The difference is in the number of tonal values. An 8 bit RGB image has 16.7 million colors while a 16 bit image has 281 trillion colors. Now I don't know how many time 16.7 million goes into 281 trillion, but it is substantial. This means that a 16 bit image gives you a lot more leeway concerning processing. You can do more extreme things without pulling the image apart. If you process an 8 bit image a little bit too much, you can get banding in blue skies for instance because the tonal transitions are more limited and less smoothly in 8 bit than in 16bit. There is much more "room" to push and pull an image in 16 bit than in 8 bit. 

Note: this only works in RAW and TIFF. JPEGs are always 8 bit. When I convert a RAW image, I save it as a TIFF for this reason. Once you are done, you can save it as a JPEG and everything should be fine with perfect tonal values

The second thing is dodging and burning. Selectively Dodge the highlights, burn the shadows or anything in between. Dodging and burning controls the local contrast in an image and can give an otherwise flat and dull image more contrast and depth, you can create "layers" in an image. Emphasize certain areas, create inconspicuous virtual leading lines with light to get the viewer's attention without them even knowing about it. etc etc. 

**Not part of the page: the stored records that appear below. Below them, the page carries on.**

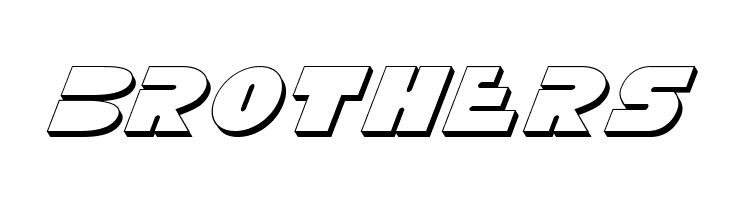 Disco Duck 3D Italic  Free Fonts Download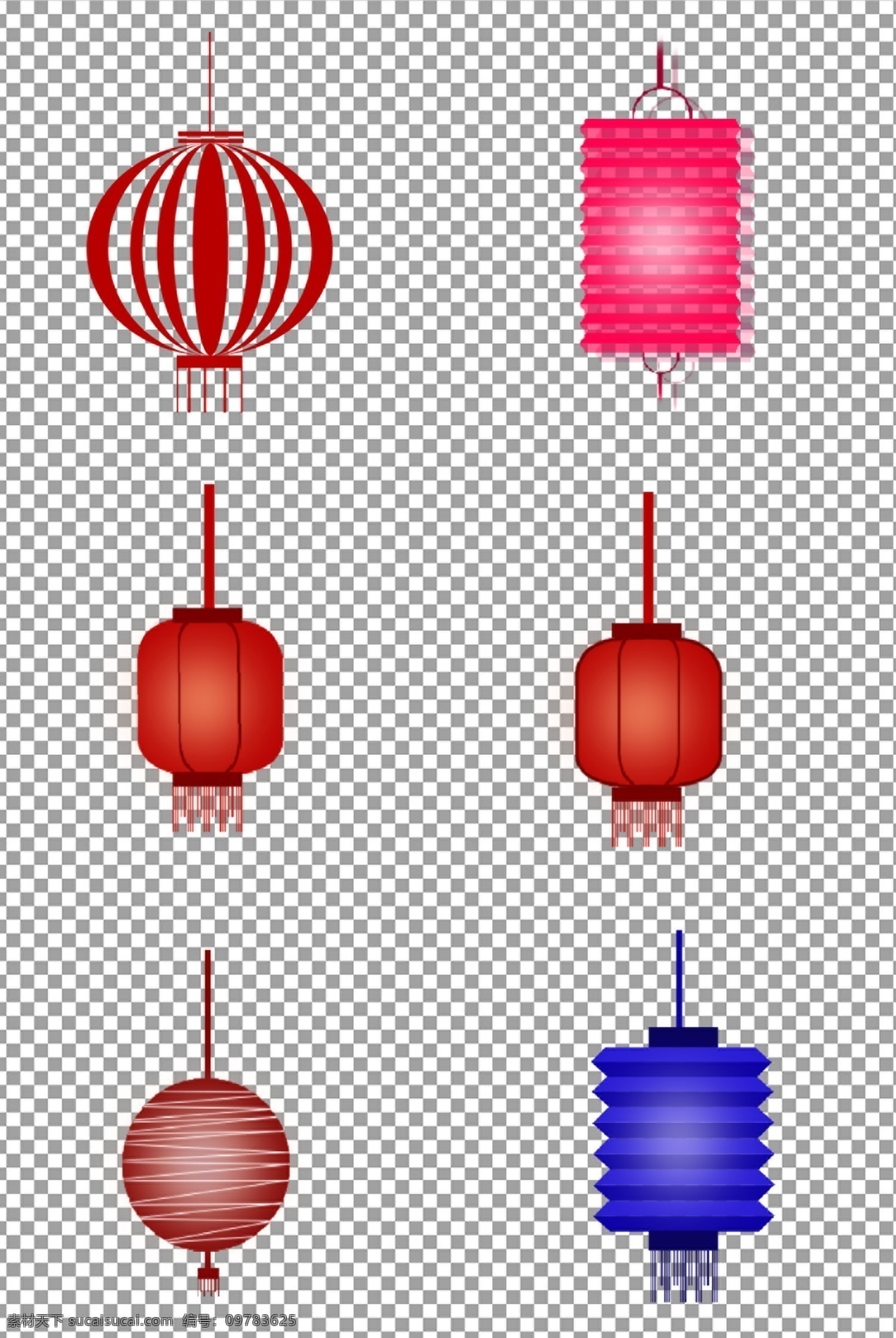 古风灯笼图片 手绘 复古 喜庆 节日 古风 灯笼 免抠 无背景 免抠图 抠图 元素 透明 通道 png免抠图 分层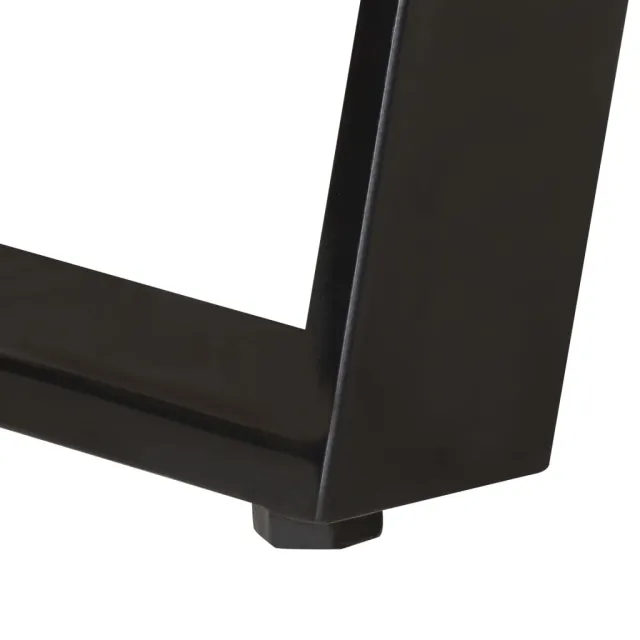 Bureau 107x45x79 cm Bois d'acacia solide avec bord naturel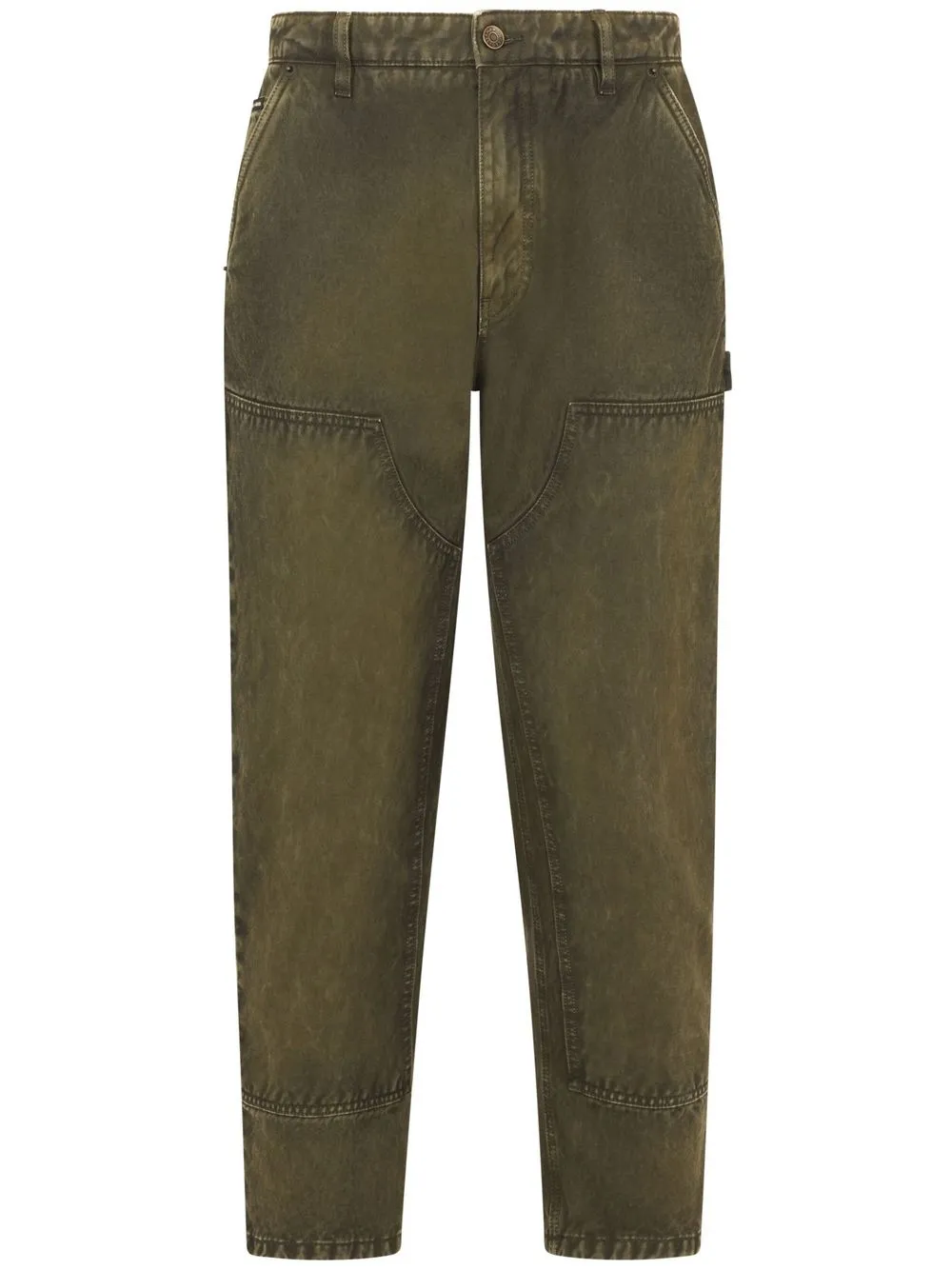 

Dolce & Gabbana straight-leg cropped jeans - Green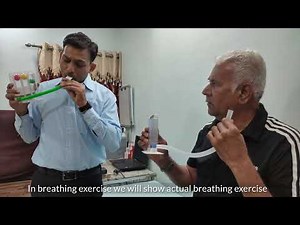Breathing Exercise using Incentive spirometer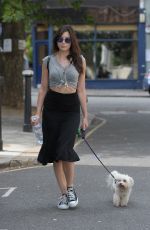 DAISY LOWE Walks Ger Dog Out in Primrose Hill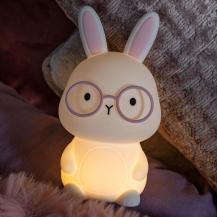 Lucide PINCHA RABBIT – Wiederaufladbare Nachtlampe Kinderzimmer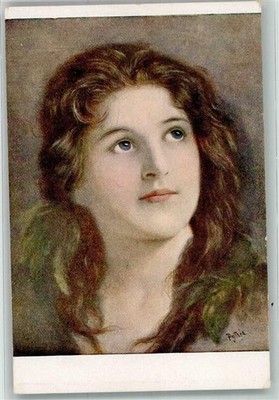 39991462 - signed Max G. Prof. Pythia J.J.P. 2095 Mrs Artist Card 1918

The third is the curve tool. Methinks the curve tool is the most powerful tool in Photoshop. Watch some youtube videos about that tool and you will find out there is not much that tool cannot do.

So in short, if you want to go beyond the crop/straighten tool and some other basic tools to improve your photoshop skills quickly and effectively with a pretty much instant gratification, process in 16 bit, learn to dodge and burn, and learn the curve tool. Of course there are lots of other advanced tools and techniques that are important and helpful too, as discussed in this thread, but if you only want to learn 3 bit more advanced techniques, it should be these 3 in my opinion.

Shoot in RAW, convert to and process in 16 bit Tiff, learn the crop tool, dodge and burn, and the curve tool and you should be good to go for the majority of your images

I would like to add the noise filter, Rudy.

If too much saturation or dynamic is added to an 8 bit image, it can lead to bad gradients (for example blue gradients in the sky)  that are no longer clean, but get edges. If you convert the image to 16 bit, change dynamic or saturation and then add about 2% / max 3% noise after adding saturation or dynamics and then convert back to an 8 bit image, the gradients will look perfect in most cases.

By the way, this also applies to the users of the images if they need them in CMYK mode. Because often the purchased RGB images look perfect, after the conversion to CMYK mode for offset printing, this is unfortunately often no longer the case.